Local cigarettes are currently taxed at the same rate as imported ones, but from April 1, 20-cigarette packs with a market price of K400 will be taxed K60 each. Taxes will rise gradually, depending on price, to K300 for packs costing more than K800 each.

The government had initially proposed a 120pc tax on local cigarettes costing more than K3000 a pack, but the Pyidaungsu Hluttaw’s joint bill committee decided against it.

The government draft law also included nine alcohol tax brackets, but the bill committee finally decided on 16 (see table). These range from K56 per litre of liquor or beer sold for less than K500, to K3375 on each litre sold for K10,001-K20,000. Beer or liquor priced at more than K20,000 per litre, as well as imports, will be taxed at 60pc.

In the draft bill, the Union government had proposed levying a 60pc tax on all beer and liquor sold at more than K10,000 per litre.

The government had also proposed taxing all wine at a single rate – 50pc of the market price – but the hluttaw committee instead came up with 16 different rates for locally produced wine (see table).

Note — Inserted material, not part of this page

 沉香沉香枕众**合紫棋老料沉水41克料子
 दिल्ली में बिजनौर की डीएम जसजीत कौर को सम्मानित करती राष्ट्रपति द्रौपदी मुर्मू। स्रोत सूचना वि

The committee made a number of other changes to the original government draft including raising the tax revenue target for the coming year to K2.4869 trillion, adding K1.4 billion to the original figure.

This does not include the income expected to come from a 5pc commercial tax on apartments sold to foreigners under a new condominium law.

The committee also added a provision aimed at encouraging people to disclose their source of income, as proposed by U Win Myint, the Pyithu Hluttaw representative for Hlaing township.

If the source of income can be proved, it will not be taxed if it is spent on buying, developing or starting a business, or buying a property. Those who cannot offer proof will be taxed 15pc on invested income, if their total income is lower than K30 million, 20pc if it is lower than K100 million and K30pc on any additional income.

The only changes to income tax are to the lowest bracket – this year, income of less than K2 million is tax-free, and 5pc tax is charged on income between K2 million and 5 million.

Next year, those earning less than K4.8 million a year will be exempt from paying tax.

Income between K4.8 million and K5 million will be taxed at 5pc, income up to K10 million will be taxed at 10pc, 15pc will be charged on income up to K20 million, 20pc on income up to K30 million and 25pc on anything above K30 million.

The new bill also includes incentives for reporting on tax evasion – 10pc of each penalty collected by the Internal Revenue Department will be paid to the informer, and 20pc to the investigative team. Whistleblower identities will not be made public.

This provision was not included in the government’s original draft of the bill, but was added by the bill committee, with a view to reining in tax evasion, U Thein Tun Oo, Pyithu Hluttaw representative for Mandalay Region’s Amarapura township, told parliament on January 22.

The government continues to struggle with tax evasion.

The Large Taxpayers Office, set up in 2014, has met with some success by holding an annual awards ceremony to publicly congratulate corporate taxpayers, but this approach is harder to orchestrate on a wider scale.